The funny thing about working so many years for a camp located at the beach is that people assume that you spend virtually all your time with the sand between your toes. The reality is I would usually be right across the street from the water but wouldn't actually touch it until about two and a half weeks in.
For the first time since I was two, I'm not at that camp. The irony is I am still right next to the water yet not touching it. I am working at and helping manage a local water park in Upstate South Carolina. Managing and working in the ticket office, I haven't set foot in the pool, plunged down the slides, or drifted along in the lazy river. Things are very, very different this summer so it's kind of funny that such a random thing would stay the same.

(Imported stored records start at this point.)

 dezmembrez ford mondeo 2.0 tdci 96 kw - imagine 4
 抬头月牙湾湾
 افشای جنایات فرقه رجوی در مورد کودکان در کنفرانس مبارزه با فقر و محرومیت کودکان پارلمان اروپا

I'm not going to lie, life feels weird. After the staff left for Seesalt, I described to EA that it felt like there was a hole in my heart. I believe that I made the right decision to move on but I had nearly three decades worth of conditioning that tell me that I'm not supposed to be at home. I'm Pavlov's dog, the summer is a bell, and for the first time in my memory I am not getting the food.

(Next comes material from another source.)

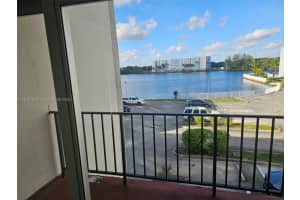 5501 NW 7th St APT E302, Miami, FL 33126, - MLS#A11918153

So I feel like I should have packed everything up and be teaching a Bible study or acting in a drama or playing bass in a band. But I'm not. I'm many miles from the beach, making sure the lifeguards do safety checks and fielding phone calls from angry old ladies who think our prices are too high (even though she knows I don't have the power to change them and they're cheaper than other local parks). And it's not bad. There are some really good people here but it is so profoundly different from my whole entire life's experience of summer, that I feel like I'm in the Twilight Zone.
So sometimes I'm content. Sometimes I'm sad. Sometimes I'm wistful. Sometimes I'm excited that I get to experience something different. Sometimes I feel like I'm not where I belong. Sometimes I feel like an anthropologist studying a completely different culture. Sometimes it seems like I am in just the right place. Sometimes I feel like I am being way too reflective; I am where I am so stop pondering and just live. And I experience most of these feelings within one afternoon.
I'm writing this down because I don't know how else to sort through it or even if sorting through it is the right language. I talk with EA. She was at Seesalt with me for nine years and she understands, but her experience of it began to change after the boys were born. My brother and sister have both been through this and understand, but their experiences were unique to them.
It is just strange for a rhythm that I always knew to suddenly stop; to stop of my own choosing and believe in that decision but still feel the loss. It's weird to miss a place, but believe you're in the right place. It's weird to know the calling you thought you had switched and the new one is unknown, maybe similar but generally hazy. It's weird to feel like a stranger in your hometown because you've never been there in the summer before.
There are certainly things that I don't miss. But I miss the beach. I miss the people and community. I miss teaching. I miss being tasked with writing dramas and trying to creatively craft worship services. I miss playing in a band. I miss the excitement. I miss the way that God turned ballrooms and hallways, dinner tables and sandy dunes into sanctuaries. I can't tell you how much I'm going to miss having communion a night each week on the beach.
But I'm glad that I'm inland. Even if I feel a little lost and like a stranger, this is where I'm supposed to be. It'll take some getting used to, but it's slowly happening.